■ ABOUT THIS TASK:
All lines with the word "Premium" must be pulled from the entries below.

■ STUDY MATERIAL:

────

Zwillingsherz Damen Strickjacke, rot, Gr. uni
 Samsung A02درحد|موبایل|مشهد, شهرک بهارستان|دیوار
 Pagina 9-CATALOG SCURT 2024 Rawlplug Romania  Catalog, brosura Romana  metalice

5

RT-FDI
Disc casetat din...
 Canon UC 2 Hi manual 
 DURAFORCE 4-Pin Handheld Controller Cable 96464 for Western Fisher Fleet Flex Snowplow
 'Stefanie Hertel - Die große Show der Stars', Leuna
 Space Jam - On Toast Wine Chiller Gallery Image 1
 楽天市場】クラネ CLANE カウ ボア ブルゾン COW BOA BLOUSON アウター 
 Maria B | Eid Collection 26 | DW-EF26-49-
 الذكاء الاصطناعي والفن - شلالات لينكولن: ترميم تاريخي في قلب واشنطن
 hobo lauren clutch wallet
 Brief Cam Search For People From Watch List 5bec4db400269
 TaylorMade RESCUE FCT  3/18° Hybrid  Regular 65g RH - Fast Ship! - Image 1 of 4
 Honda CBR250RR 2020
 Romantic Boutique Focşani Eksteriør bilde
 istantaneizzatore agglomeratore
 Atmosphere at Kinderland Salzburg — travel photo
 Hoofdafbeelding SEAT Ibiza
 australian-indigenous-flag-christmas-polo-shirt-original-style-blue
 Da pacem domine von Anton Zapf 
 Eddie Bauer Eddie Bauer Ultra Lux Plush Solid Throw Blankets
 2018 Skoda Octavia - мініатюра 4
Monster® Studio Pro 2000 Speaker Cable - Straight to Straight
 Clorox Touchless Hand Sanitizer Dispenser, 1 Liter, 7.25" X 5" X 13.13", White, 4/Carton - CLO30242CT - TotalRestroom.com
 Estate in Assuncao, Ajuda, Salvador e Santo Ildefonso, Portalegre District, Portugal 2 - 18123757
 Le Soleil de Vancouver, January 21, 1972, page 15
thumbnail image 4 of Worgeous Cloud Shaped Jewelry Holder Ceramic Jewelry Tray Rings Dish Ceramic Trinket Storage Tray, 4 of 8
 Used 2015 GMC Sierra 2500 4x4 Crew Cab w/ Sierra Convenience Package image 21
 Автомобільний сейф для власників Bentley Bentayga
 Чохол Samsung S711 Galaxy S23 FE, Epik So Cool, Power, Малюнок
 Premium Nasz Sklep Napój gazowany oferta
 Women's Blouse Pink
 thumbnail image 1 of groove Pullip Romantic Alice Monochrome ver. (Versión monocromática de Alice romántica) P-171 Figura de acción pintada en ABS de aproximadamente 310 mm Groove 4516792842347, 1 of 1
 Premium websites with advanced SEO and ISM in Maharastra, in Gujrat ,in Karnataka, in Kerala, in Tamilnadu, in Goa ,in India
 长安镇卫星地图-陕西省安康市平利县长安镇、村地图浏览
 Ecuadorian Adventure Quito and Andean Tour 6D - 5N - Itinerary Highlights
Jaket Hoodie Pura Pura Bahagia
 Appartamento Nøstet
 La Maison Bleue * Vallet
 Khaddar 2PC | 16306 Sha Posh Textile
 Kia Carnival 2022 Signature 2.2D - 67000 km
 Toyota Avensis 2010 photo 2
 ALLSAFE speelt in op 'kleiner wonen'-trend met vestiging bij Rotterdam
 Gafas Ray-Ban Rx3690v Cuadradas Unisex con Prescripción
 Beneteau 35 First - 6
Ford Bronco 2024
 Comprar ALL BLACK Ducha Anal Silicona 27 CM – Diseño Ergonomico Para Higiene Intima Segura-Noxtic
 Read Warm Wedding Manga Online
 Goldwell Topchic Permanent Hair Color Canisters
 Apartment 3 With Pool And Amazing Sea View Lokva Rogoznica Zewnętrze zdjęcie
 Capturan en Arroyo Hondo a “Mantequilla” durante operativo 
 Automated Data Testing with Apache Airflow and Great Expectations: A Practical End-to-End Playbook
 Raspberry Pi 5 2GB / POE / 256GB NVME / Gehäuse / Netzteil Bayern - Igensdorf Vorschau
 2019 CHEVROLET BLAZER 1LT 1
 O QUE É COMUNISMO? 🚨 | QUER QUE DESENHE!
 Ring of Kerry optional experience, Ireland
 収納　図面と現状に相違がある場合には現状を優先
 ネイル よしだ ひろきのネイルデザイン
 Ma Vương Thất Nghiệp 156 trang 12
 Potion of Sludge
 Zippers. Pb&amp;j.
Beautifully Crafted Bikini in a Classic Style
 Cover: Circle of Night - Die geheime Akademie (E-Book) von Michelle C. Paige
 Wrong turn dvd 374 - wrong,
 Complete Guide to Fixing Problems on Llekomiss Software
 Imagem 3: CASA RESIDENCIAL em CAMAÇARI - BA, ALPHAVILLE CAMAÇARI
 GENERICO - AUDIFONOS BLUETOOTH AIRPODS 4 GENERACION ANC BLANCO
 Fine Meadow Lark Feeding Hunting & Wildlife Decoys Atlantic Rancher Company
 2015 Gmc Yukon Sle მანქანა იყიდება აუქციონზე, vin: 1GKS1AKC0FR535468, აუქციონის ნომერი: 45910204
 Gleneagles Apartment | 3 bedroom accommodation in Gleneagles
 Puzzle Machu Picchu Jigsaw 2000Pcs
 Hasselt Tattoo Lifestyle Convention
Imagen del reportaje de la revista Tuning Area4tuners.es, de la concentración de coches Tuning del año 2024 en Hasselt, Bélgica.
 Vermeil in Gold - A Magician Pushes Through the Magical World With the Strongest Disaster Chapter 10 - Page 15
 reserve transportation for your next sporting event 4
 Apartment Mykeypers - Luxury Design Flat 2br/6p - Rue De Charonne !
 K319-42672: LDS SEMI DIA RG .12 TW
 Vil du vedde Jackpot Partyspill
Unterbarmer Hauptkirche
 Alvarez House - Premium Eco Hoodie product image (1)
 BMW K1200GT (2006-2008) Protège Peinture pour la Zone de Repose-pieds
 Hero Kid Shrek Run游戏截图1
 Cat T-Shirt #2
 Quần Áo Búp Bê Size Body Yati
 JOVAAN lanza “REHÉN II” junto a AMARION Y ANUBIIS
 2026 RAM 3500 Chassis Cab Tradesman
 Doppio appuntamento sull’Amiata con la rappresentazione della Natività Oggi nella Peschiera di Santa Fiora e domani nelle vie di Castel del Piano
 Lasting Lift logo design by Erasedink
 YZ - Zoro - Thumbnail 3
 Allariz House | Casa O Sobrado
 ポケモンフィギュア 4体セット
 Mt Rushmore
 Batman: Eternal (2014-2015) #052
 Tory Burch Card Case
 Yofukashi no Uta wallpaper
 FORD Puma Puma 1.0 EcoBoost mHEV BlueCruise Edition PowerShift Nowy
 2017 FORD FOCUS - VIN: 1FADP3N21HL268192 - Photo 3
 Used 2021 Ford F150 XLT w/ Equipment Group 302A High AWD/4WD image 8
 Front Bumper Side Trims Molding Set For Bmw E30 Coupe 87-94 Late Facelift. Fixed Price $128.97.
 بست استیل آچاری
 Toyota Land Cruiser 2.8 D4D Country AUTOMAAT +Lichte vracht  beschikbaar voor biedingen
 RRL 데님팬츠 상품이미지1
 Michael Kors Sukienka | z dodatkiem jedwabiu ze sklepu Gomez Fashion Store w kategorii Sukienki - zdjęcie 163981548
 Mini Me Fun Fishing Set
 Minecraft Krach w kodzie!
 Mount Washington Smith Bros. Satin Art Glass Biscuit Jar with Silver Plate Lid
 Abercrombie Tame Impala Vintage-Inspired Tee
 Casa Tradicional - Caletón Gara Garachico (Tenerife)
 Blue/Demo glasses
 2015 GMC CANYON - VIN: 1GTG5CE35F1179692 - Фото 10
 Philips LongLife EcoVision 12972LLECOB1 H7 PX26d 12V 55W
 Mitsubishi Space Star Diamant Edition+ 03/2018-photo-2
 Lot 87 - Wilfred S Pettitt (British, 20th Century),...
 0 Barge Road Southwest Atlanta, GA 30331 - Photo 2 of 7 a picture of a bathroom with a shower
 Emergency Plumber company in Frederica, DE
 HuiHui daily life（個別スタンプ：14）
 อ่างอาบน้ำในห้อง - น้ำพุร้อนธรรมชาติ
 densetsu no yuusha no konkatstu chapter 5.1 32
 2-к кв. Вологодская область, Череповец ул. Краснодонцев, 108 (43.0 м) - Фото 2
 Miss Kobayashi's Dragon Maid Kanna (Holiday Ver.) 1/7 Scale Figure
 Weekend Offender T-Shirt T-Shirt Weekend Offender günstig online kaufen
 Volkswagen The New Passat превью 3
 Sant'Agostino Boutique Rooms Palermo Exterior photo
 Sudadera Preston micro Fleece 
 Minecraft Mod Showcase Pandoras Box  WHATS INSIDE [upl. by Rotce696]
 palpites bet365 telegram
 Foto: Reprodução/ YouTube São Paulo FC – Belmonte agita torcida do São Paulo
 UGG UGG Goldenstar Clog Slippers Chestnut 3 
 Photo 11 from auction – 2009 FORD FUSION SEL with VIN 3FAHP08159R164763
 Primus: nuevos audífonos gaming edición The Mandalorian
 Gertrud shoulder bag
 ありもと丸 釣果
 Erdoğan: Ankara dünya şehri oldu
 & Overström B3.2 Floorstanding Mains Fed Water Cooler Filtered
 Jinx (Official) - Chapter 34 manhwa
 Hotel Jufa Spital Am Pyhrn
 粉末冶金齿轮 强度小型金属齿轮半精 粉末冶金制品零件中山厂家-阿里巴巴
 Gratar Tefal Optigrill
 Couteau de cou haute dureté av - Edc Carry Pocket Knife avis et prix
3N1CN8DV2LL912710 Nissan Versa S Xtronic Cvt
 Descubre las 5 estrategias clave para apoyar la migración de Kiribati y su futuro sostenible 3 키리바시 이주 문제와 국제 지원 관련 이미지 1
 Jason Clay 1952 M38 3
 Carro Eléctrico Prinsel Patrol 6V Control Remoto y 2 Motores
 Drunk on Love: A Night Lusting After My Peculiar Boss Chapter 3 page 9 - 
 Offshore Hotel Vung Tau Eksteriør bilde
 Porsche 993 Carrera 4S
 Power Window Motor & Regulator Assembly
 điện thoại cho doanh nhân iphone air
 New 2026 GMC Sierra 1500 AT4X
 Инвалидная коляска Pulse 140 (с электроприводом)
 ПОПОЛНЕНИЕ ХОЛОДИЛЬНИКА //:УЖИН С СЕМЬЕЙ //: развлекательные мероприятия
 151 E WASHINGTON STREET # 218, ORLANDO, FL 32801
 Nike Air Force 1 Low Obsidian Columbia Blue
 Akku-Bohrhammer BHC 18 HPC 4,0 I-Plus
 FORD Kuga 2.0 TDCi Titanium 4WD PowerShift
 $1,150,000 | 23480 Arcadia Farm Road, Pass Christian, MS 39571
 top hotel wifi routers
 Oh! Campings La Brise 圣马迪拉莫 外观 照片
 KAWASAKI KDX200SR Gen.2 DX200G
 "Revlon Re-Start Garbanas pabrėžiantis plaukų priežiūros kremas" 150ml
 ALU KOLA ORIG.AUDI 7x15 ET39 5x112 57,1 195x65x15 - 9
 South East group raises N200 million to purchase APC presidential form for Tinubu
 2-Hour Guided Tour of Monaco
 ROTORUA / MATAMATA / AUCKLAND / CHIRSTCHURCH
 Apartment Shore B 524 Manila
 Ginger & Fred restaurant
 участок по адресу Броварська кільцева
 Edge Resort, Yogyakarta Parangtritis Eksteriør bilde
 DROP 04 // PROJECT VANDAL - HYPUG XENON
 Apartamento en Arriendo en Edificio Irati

────

■ SOLUTION:
 Premium Nasz Sklep Napój gazowany oferta
 Premium websites with advanced SEO and ISM in Maharastra, in Gujrat ,in Karnataka, in Kerala, in Tamilnadu, in Goa ,in India
 Alvarez House - Premium Eco Hoodie product image (1)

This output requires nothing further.